Socially Anxious and Judgemental

I’m anxious rather than shut down and numb. At least it’s a change. It’s actually easier to get things done in this state than in a numb state, up to a point.

I guess I feel wrong and bad somehow. Ron has not replied to my email. It’s unusual for him not to reply when I specifically ask, and yes, I sent another last night asking for a reply. I thought he’d said he wasn’t going away this weekend. His email goes right to his phone, so he’ll have received my messages.

I’m trying to breathe and leave lots of space around the feelings of fear and anxiety.

I had a pretty good day in that I’m no longer sick, and not tired from working, and the therapy hangover has worn off. I went to some vintage furniture stores, and pretty quickly bought two items I’ve been needing for a long time – a teak coffee table, MCM, and a small pair of teak shelves, also MCM. I’m wanting small and lightish furniture, as I live in a walk up that twists and turns, no elevator. I’ve lived here four years, and never really bought furniture, so this is really good. They were a few hundred each – comparable to the more pricey IKEA maybe. I hate IKEA. I get overwhelmed in the giant store, by the hugeness of it. Then I’m crap at trying to put the stuff together. Plus my car is so tiny, I can’t fit anything into it.

I like that I got wood furniture, not particleboard, and it’s been previously used, so I’m not adding to the garbage of the planet at least for this one time. I like supporting a small local business instead of huge corporate IKEA. It’s good. Since I’ve been too overwhelmed to spend any money, I have the funds to buy a bunch of stuff at once if I need to.

Like I said, anxiety is much better for getting stuff done.

Tonight I went to my 12-step group. I feel really anxious about that also – it did not calm me down. I haven’t made any good connections there, and no one approaches me to talk at the break or after. Another woman I happen to know just started going, and always people want to talk with her. She’s young and attractive, but also, she has a better manner. Well, obviously I’m jealous. Which is stupid.
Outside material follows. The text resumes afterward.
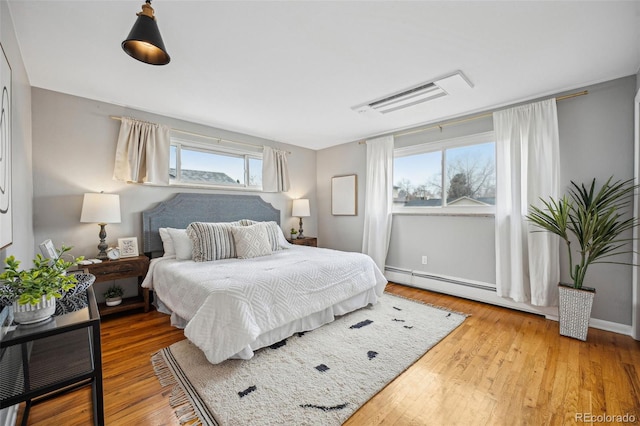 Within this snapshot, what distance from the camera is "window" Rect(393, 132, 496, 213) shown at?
134 inches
There is a huge variety of people there and it’s quite a large group, maybe 20 or more. Everyone shares who wants to for a few minutes. In my mind I break them up into basically fine with a few small complaints, and pretty much psychotic with stress and issues coming up. I’m in the second group. The first is very much larger, and they really like each other. In the second group, we kind of recognize each other, but I don’t speak to them either.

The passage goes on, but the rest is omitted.